J’allaite
encore mon bébé de 7 mois car une infirmière m’a appris que la durée
naturelle de l’allaitement est de deux ans chez les humains. Je souhaite
donner le meilleur à mon bébé. Me voilà toutefois inquiète et confuse, car
je me suis rendue compte que j’éprouvais parfois des sensations de plaisir
dans ma région génitale lorsque j’allaitais. Suis-je en train de me servir
de mon bébé pour assouvir certains désirs inconscients ? Pourtant,
j’aime mon conjoint et nous avons une sexualité à la fois fréquente et très
satisfaisante. Devrais-je arrêter d’allaiter mon enfant pour ne pas abuser de
lui ?
Les
sensations de plaisir que vous ressentez dans votre région génitale sont tout
à fait normales et il y a peu de chances qu’elles soient dues à des désirs
sexuels inconscients face à votre bébé.
Suite à l’avènement
du biberon, tout récent si on considère que l’espèce humaine existe depuis
des millions d’années, les sociétés occidentales ont plus ou moins oublié
que la fonction première des seins est d’allaiter le bébé et que
sans l’allaitement, les mammifères et l’espèce humaine n’auraient
jamais pu survivre jusqu’à aujourd’hui. En outre, biologiquement parlant,
l’allaitement fait partie intégrante de l’ensemble des actes sexuels liés
à la reproduction et à la survie de l’espèce. Ainsi, les hormones qui
favorisent l’allaitement font partie de l’ensemble des hormones sexuelles
et, entre autres, une autre de leurs tâches est de stimuler la contraction utérine.
Ces contractions permettent à l’utérus de reprendre rapidement sa grosseur
normale après l’accouchement mais elles participent aussi à l’orgasme. Par
conséquent, allaiter son enfant favorise la contraction utérine qui est liée
au plaisir sexuel et à l’orgasme.
Il est donc normal
que vous ressentiez un plaisir semblable au plaisir sexuel lorsque vous allaitez
votre bébé. Ce plaisir, toutefois, est généralement discret et apporte
surtout un sentiment de bien-être.
En fait, il est
rare que l’allaitement conduise à un désir de faire l’amour.

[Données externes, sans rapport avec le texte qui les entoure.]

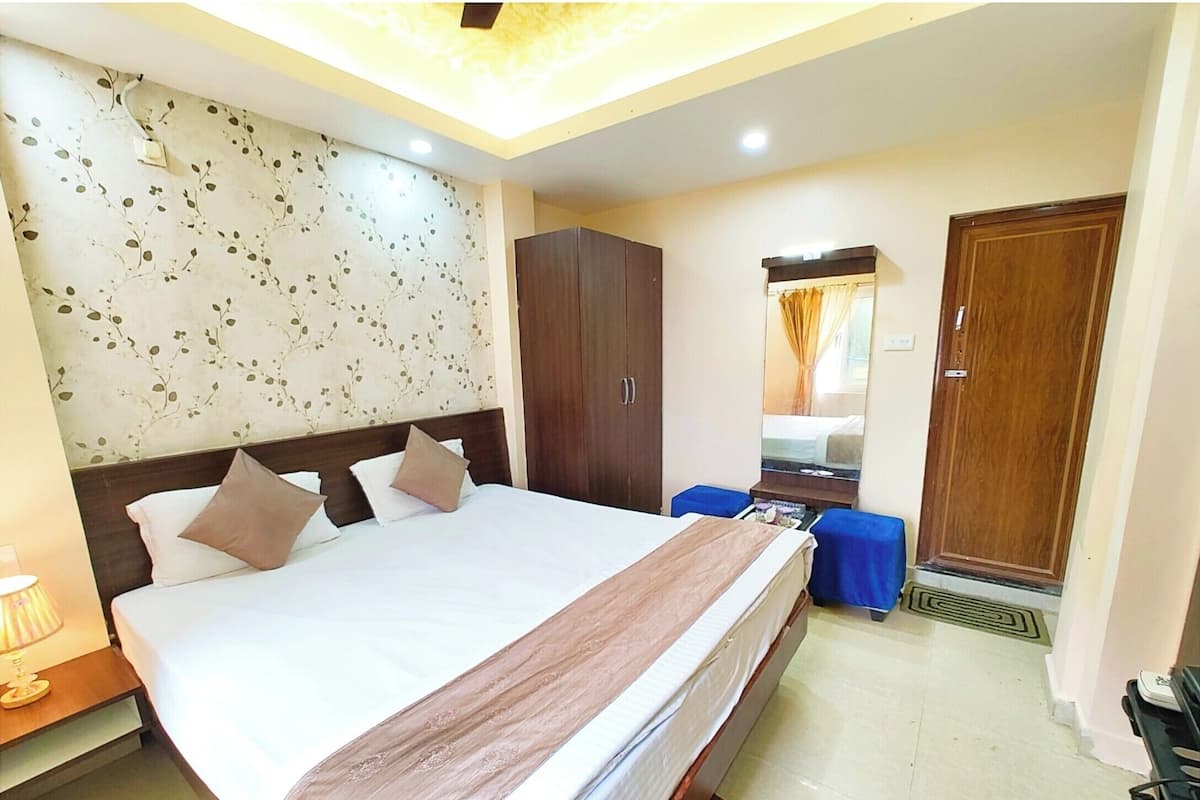 Habitación de hotel con una cama grande, un armario, un espejo y un escritorio con lámpara.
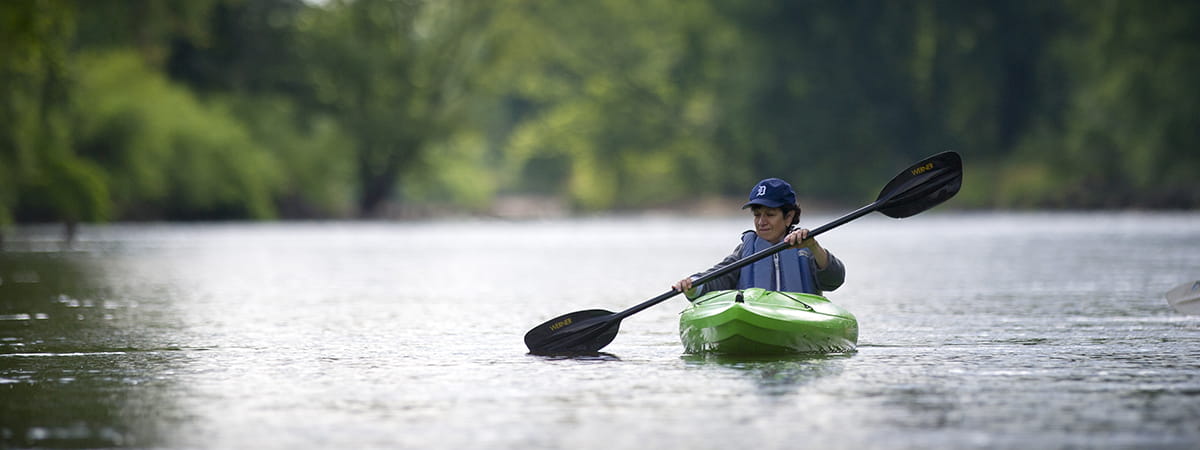 Woman paddling on river with lifejacket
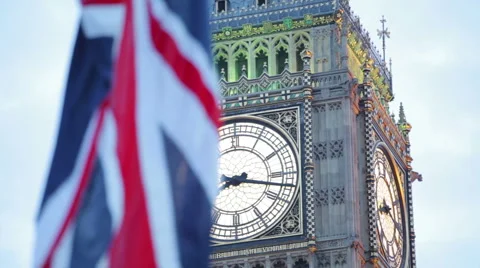 Big Ben tower clock in London with flag of United Kingdom waving in front Stock Footage 67678158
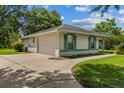 Exterior view of a single-Gathering home, showcasing an attached garage and well-manicured lawn at 19 Hemlock Terrace Way, Ocala, FL 34472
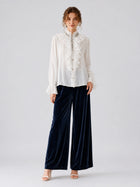 A person stands against a plain background wearing the Social Queen Pearl Embellished Ruffle Collar Blouse, navy blue wide-leg velvet pants, and white heeled sandals.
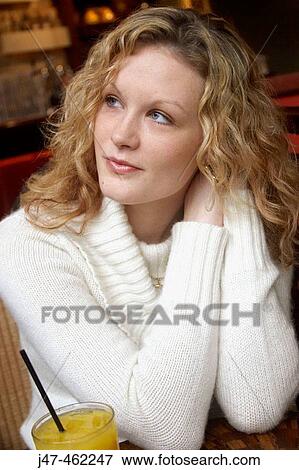 20 year old girl sitting in a bar with a glass of orange, looking off camera View Large Photo Image Stock Photo - 20 year old girl sitting in a bar with a glass of orange, looking off camera. Fotosearch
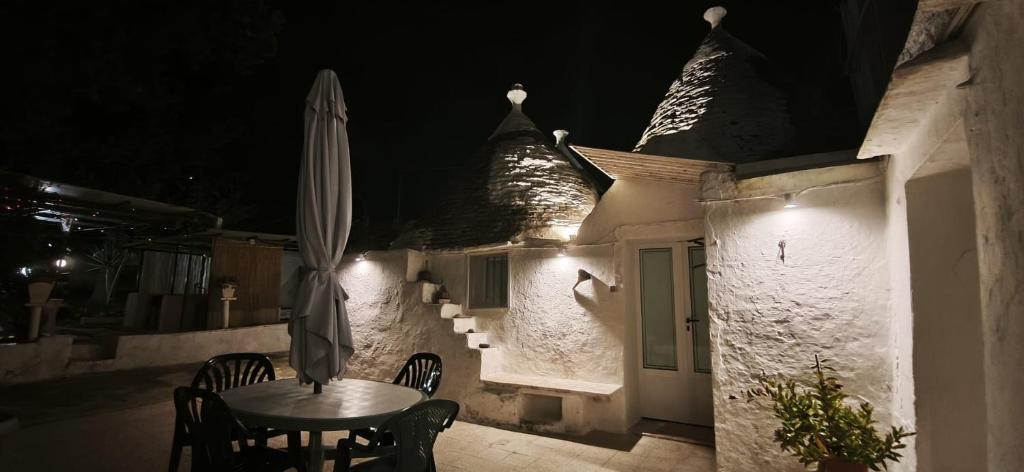 a table and umbrella on a patio at night at Il trullo della nonna in Martina Franca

En règle générale,
il va plutôt provoquer une diminution du désir sexuel car il le satisfait
physiquement par le biais des contractions utérines et, psychologiquement, par
le biais du sentiment du bien-être qu’il produit.
S’il vous
arrivait de ressentir un désir de faire l’amour pendant que vous allaitez, la
meilleure chose à faire c’est de relaxer au moment de l’allaitement,
reconnaître que ce désir est normal et produit par le jeu des hormones, et ne
pas chercher à nourrir ce désir afin de garder des frontières claires entre
l’allaitement et les activités sexuelles. Si, après l’allaitement, vous en
ressentez encore le goût, vous aurez toujours la possibilité de répondre à
votre désir en initiant une activités sexuelle avec votre partenaire ou encore
en passant par une activité de masturbation (en autant qu’elle n’évoque
pas l’allaitement comme tel).
En fait, le
plaisir ressenti lors de l’allaitement a tout simplement été prévu par la
nature afin d’encourager les femmes à nourrir leur progéniture jusqu’à ce
que celle-ci puisse être suffisamment autonome pour ne plus avoir besoin de
lait maternel. S’il n’avait pas été là, il est probable que trop de bébés
auraient été abandonnés et l’espèce humaine se serait éteinte.